**What this task involves**
Look below for the line containing "Certified 2025 Toyota". Write out that line and the rest through the last one, exactly as they appear, but without pictures.
[[ Dataset content open ]]
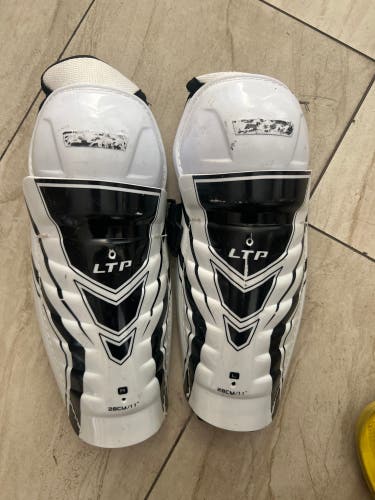 Youth CCM LTP 11" Shin Pads  (Used)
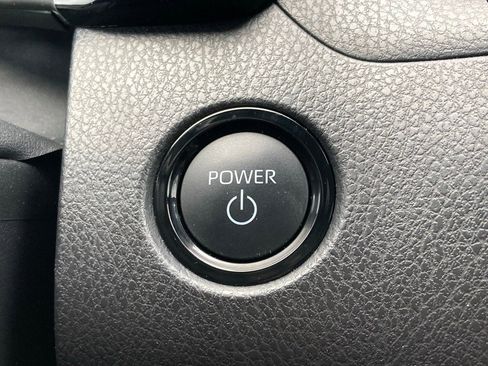 Certified 2025 Toyota Camry SE w/ Convenience Package image 18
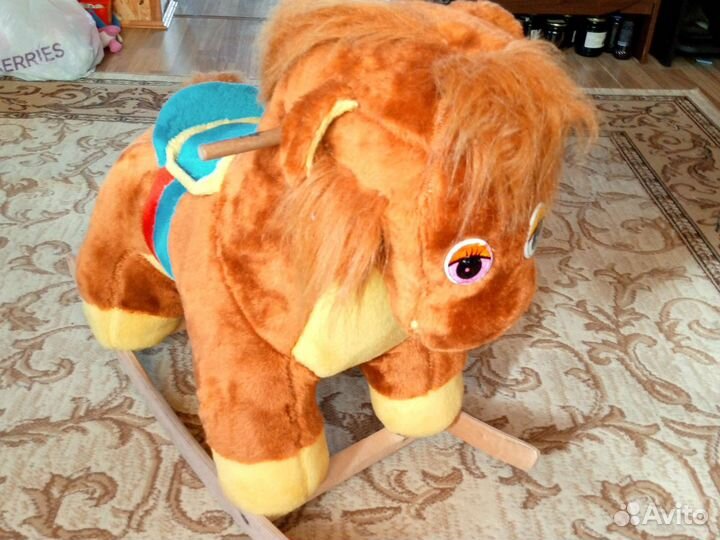 Качалка лошадь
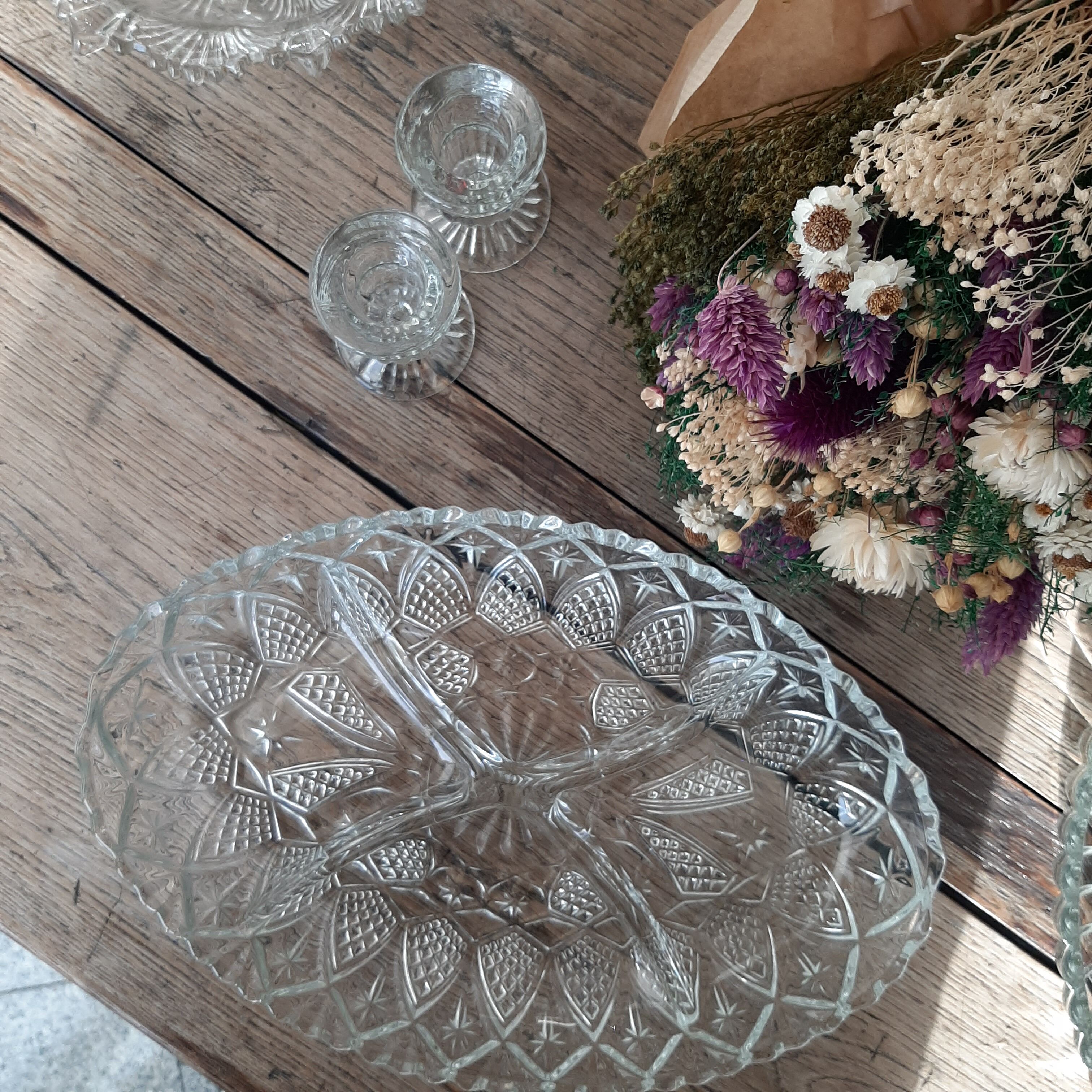 Vintage compartmentalized aperitif dish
[[ Dataset content closed ]]
**Exercise solution**
 Certified 2025 Toyota Camry SE w/ Convenience Package image 18
 Качалка лошадь
 Vintage compartmentalized aperitif dish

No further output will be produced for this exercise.